**Required action:** Look through the data below and output, unchanged, every line from the one holding "2 SHORTHAIR CAT&3" through the one holding "healthy diet Background", inclusive. Skip the pictures.

**Dataset extract:**

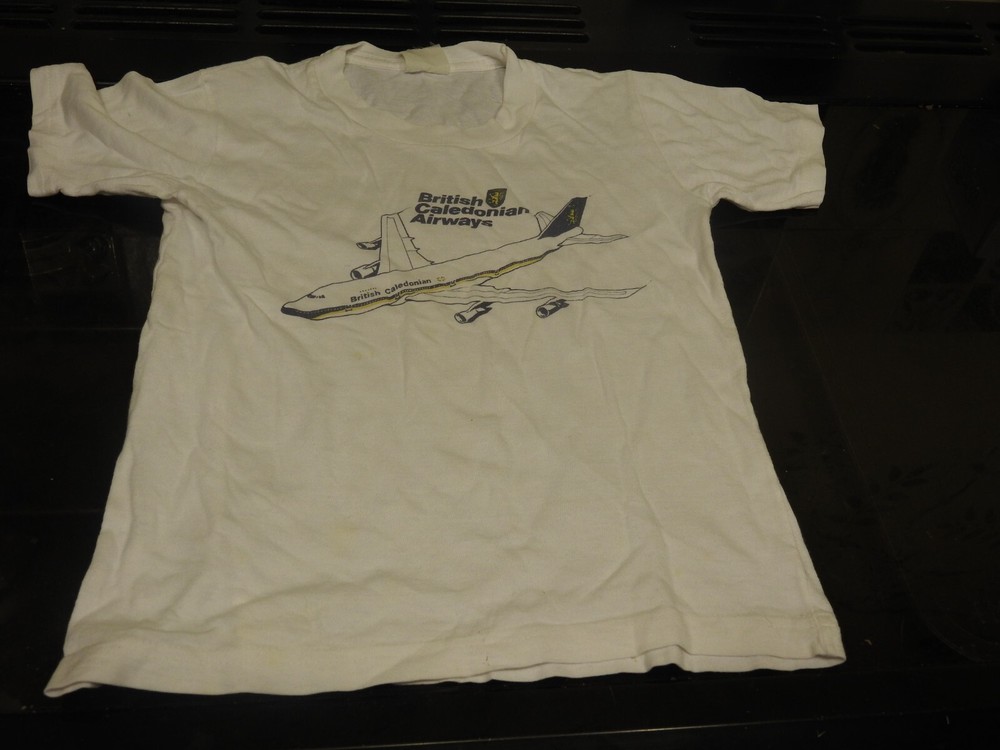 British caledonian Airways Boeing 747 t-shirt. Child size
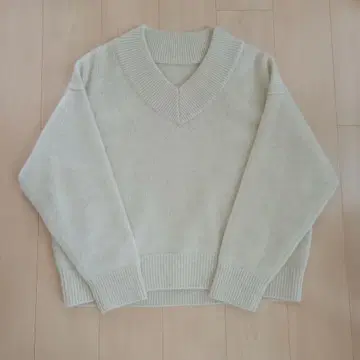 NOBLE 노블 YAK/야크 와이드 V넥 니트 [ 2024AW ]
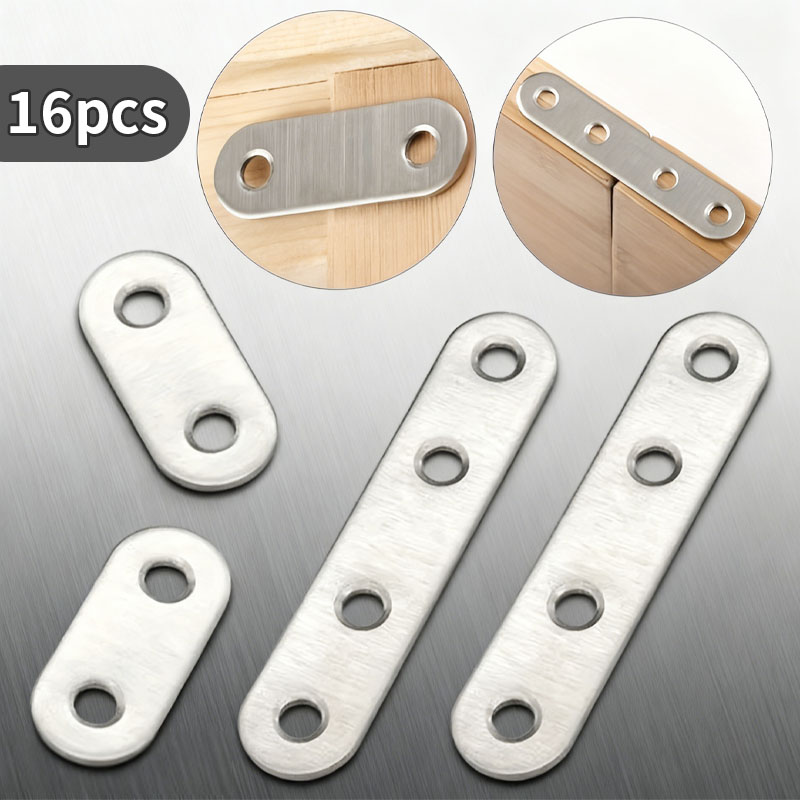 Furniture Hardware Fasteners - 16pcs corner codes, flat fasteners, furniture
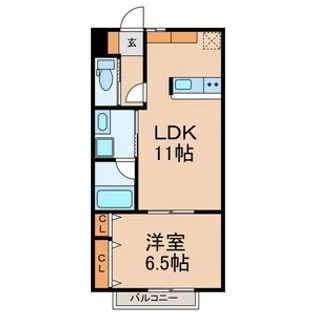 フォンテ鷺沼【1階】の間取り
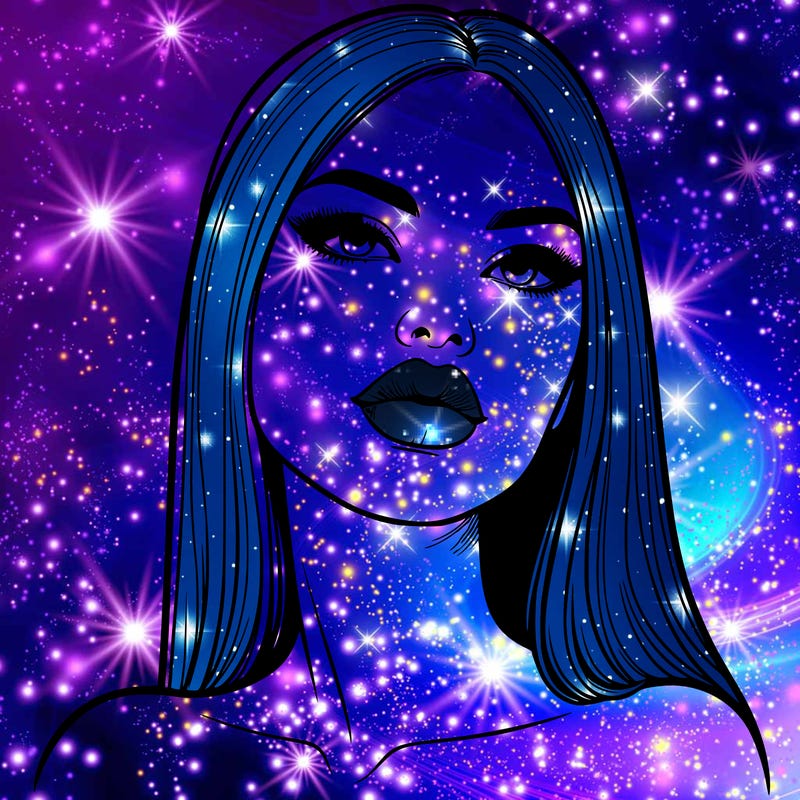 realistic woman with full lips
* * *
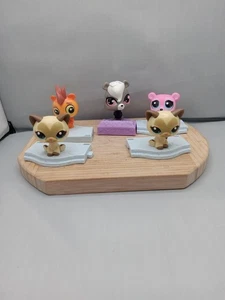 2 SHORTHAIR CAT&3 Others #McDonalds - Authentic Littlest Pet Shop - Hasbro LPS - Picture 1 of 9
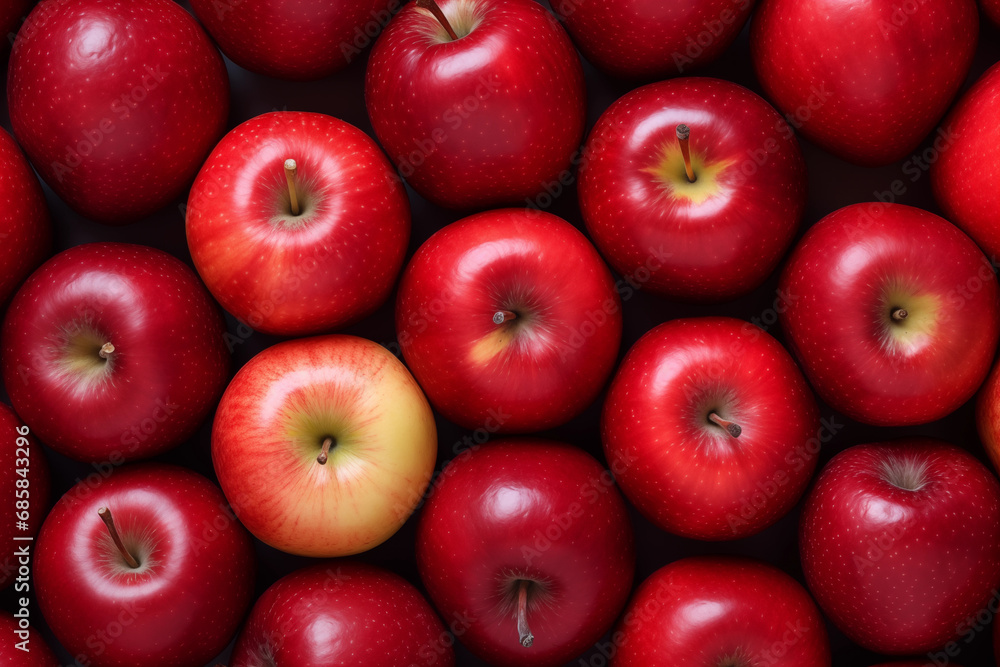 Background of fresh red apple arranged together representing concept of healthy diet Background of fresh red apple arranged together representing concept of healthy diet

**Problem solution:**
 2 SHORTHAIR CAT&3 Others #McDonalds - Authentic Littlest Pet Shop - Hasbro LPS - Picture 1 of 9
 Background of fresh red apple arranged together representing concept of healthy diet Background of fresh red apple arranged together representing concept of healthy diet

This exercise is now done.